- Opening Delimiter -
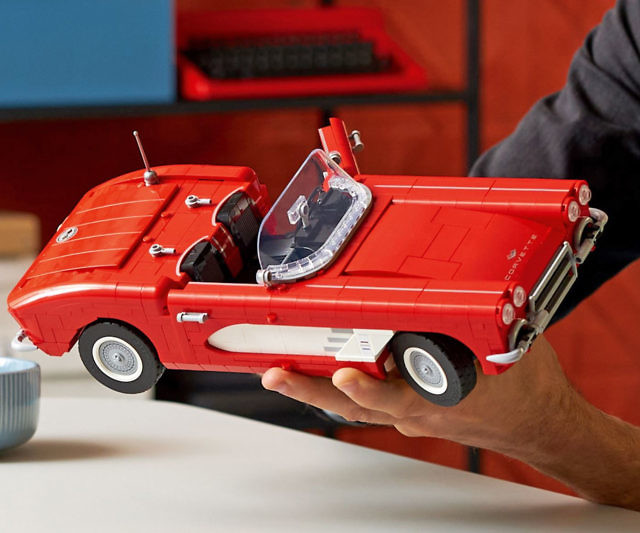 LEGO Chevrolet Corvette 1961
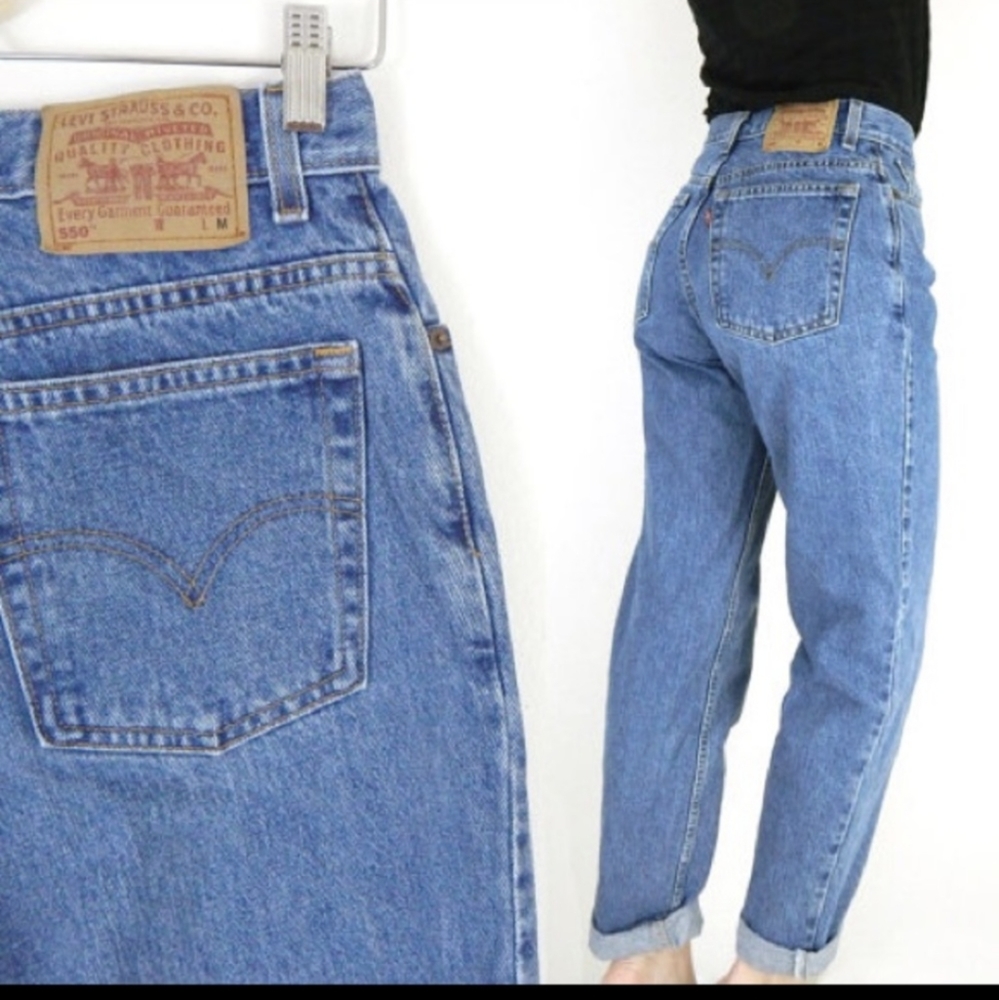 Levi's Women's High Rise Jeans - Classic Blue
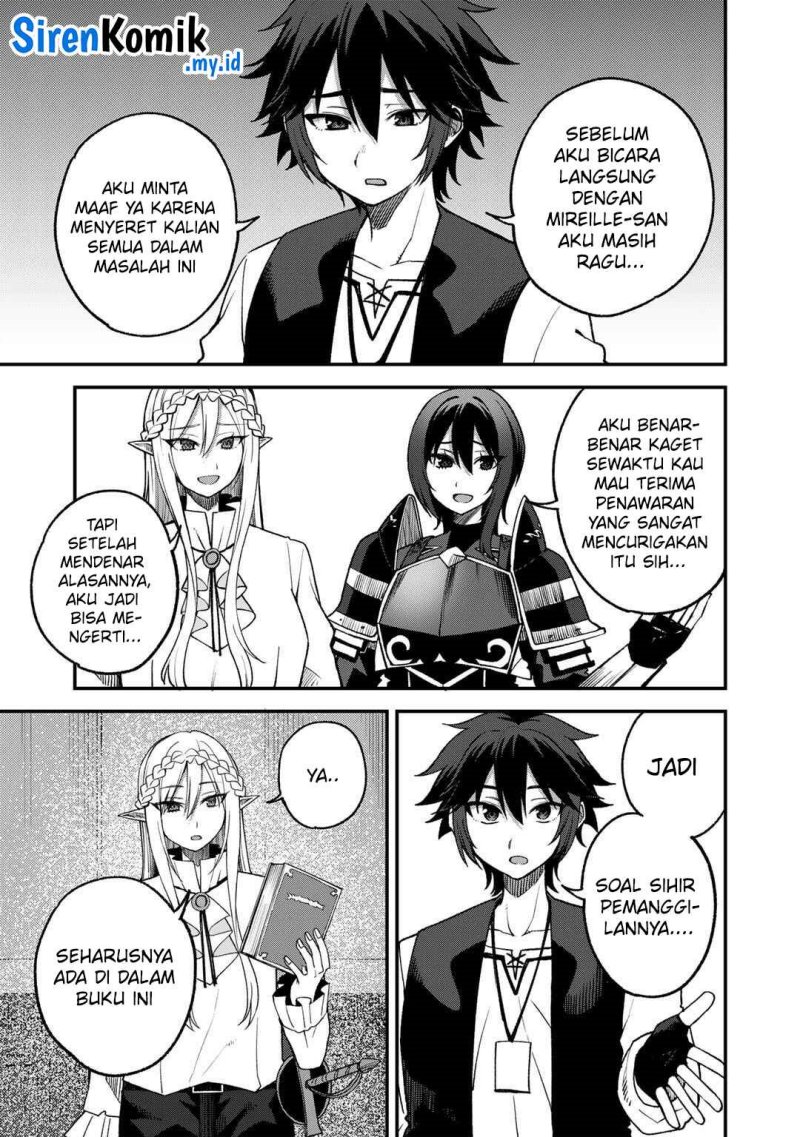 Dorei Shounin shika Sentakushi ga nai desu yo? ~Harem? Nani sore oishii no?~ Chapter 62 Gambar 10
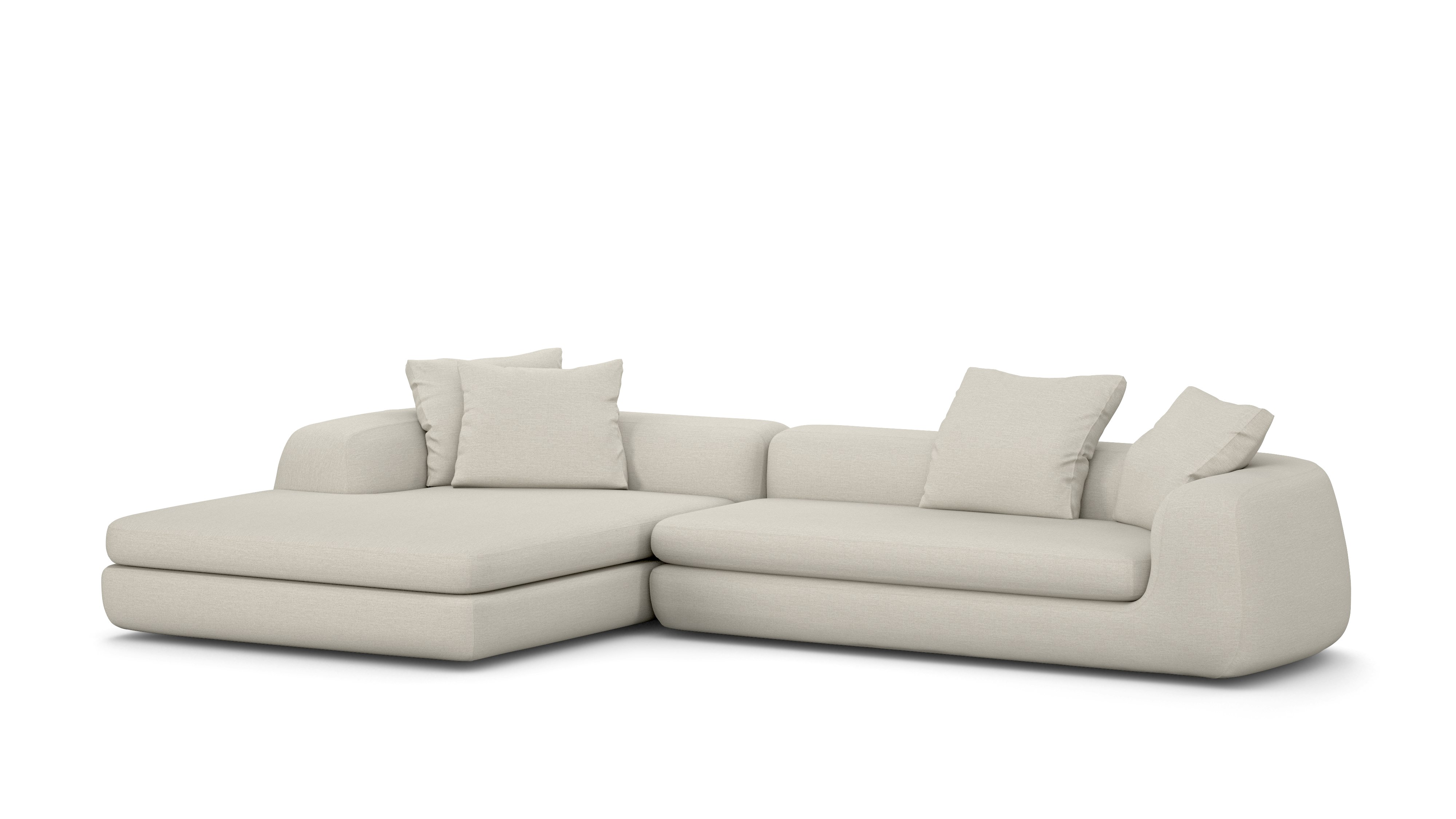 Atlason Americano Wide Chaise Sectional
- Closing Delimiter -
- Opening Delimiter -
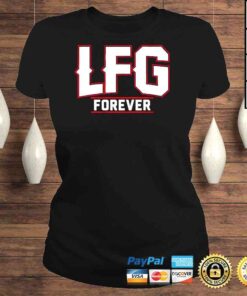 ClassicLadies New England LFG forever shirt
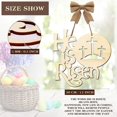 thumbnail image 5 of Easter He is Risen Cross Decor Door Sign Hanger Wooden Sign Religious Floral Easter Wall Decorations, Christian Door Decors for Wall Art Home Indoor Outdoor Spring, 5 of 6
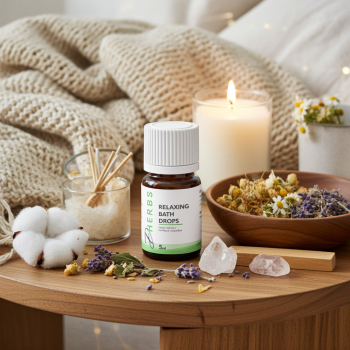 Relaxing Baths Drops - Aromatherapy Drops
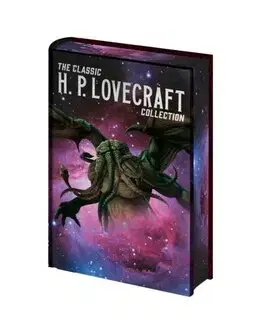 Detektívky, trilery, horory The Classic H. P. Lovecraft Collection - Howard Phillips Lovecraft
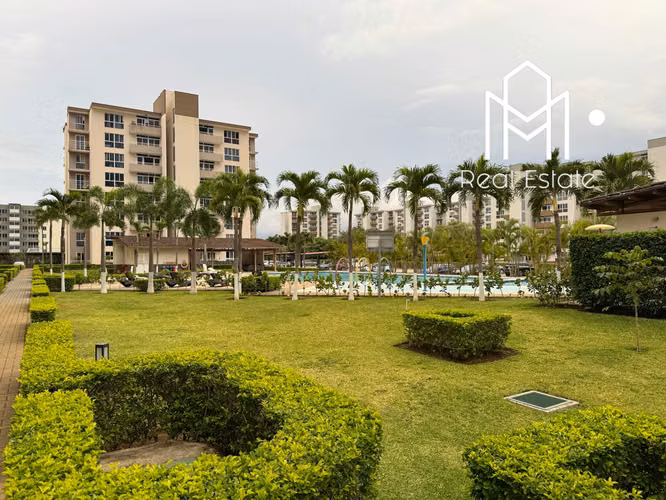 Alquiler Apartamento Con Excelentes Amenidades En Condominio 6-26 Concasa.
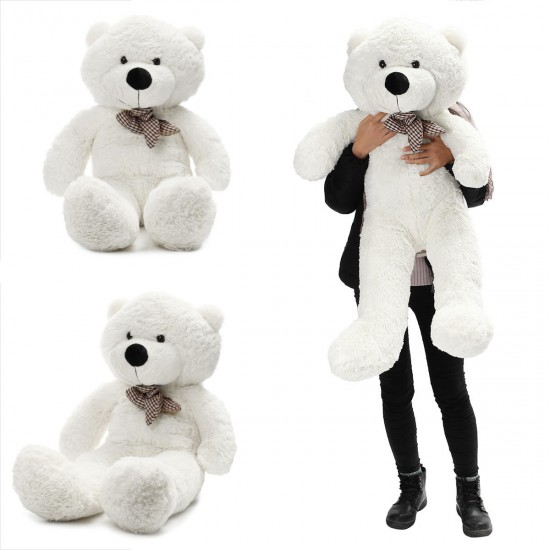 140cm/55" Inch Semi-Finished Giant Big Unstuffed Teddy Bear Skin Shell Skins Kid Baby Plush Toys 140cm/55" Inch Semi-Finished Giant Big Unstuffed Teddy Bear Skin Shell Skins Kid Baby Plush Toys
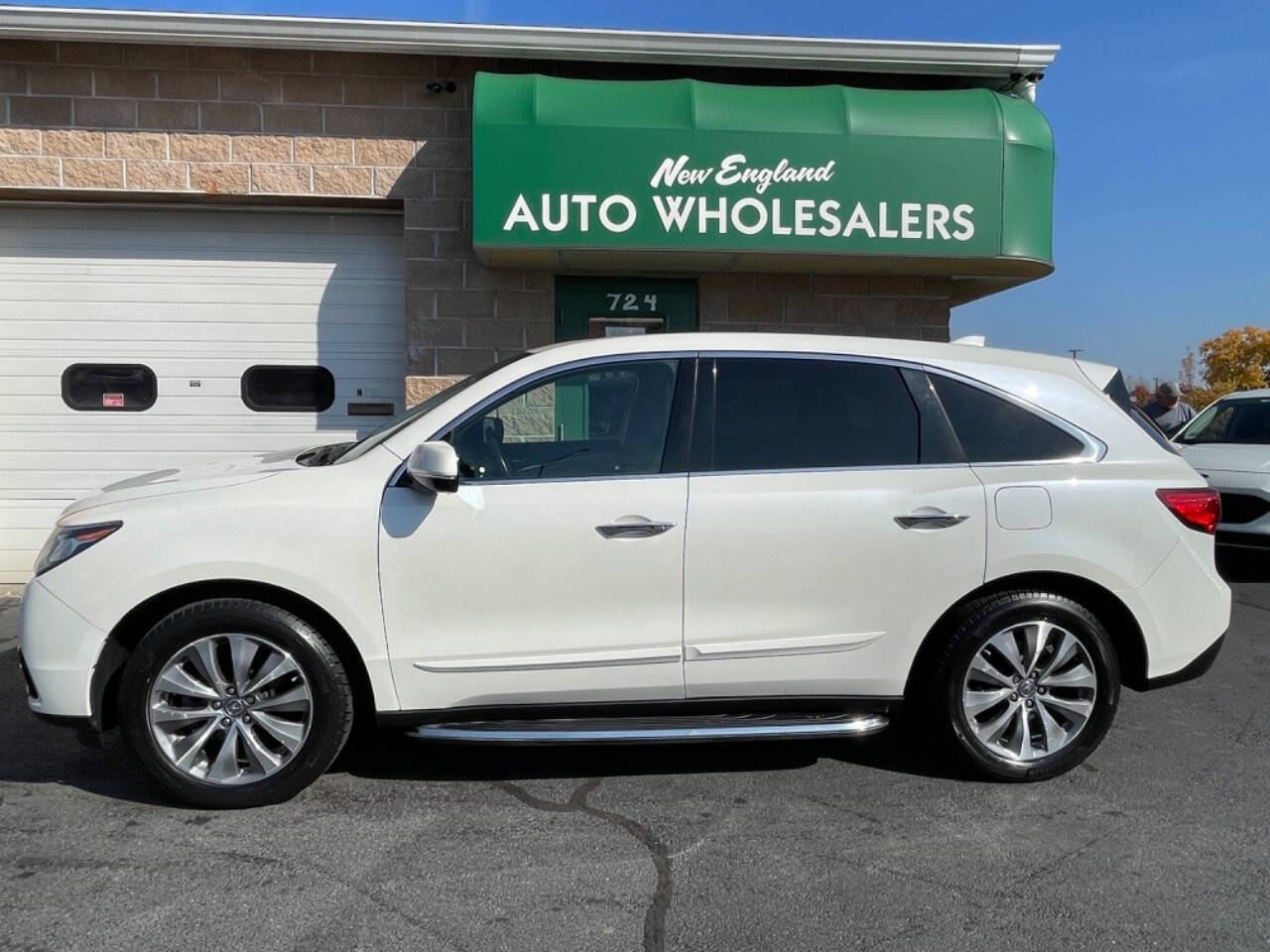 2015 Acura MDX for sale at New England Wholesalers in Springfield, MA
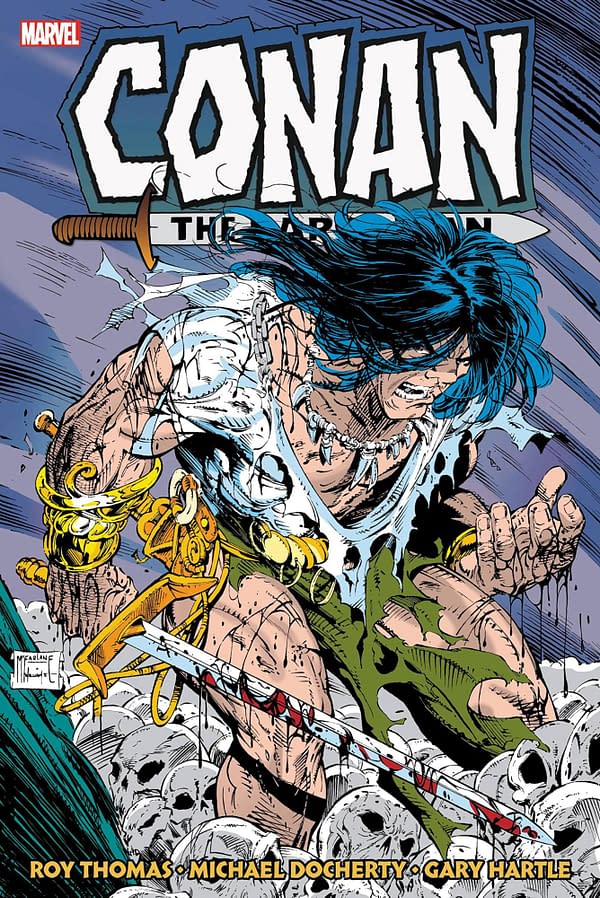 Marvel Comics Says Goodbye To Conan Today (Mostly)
- Closing Delimiter -
I would like the exact lines from the data above, starting with the one that holds "thumbnail image 5" and going on through the one that holds "Marvel Comics Says", without the pictures.

 thumbnail image 5 of Easter He is Risen Cross Decor Door Sign Hanger Wooden Sign Religious Floral Easter Wall Decorations, Christian Door Decors for Wall Art Home Indoor Outdoor Spring, 5 of 6
 Relaxing Baths Drops - Aromatherapy Drops
 Detektívky, trilery, horory The Classic H. P. Lovecraft Collection - Howard Phillips Lovecraft
 Alquiler Apartamento Con Excelentes Amenidades En Condominio 6-26 Concasa.
 140cm/55" Inch Semi-Finished Giant Big Unstuffed Teddy Bear Skin Shell Skins Kid Baby Plush Toys 140cm/55" Inch Semi-Finished Giant Big Unstuffed Teddy Bear Skin Shell Skins Kid Baby Plush Toys
 2015 Acura MDX for sale at New England Wholesalers in Springfield, MA
 Marvel Comics Says Goodbye To Conan Today (Mostly)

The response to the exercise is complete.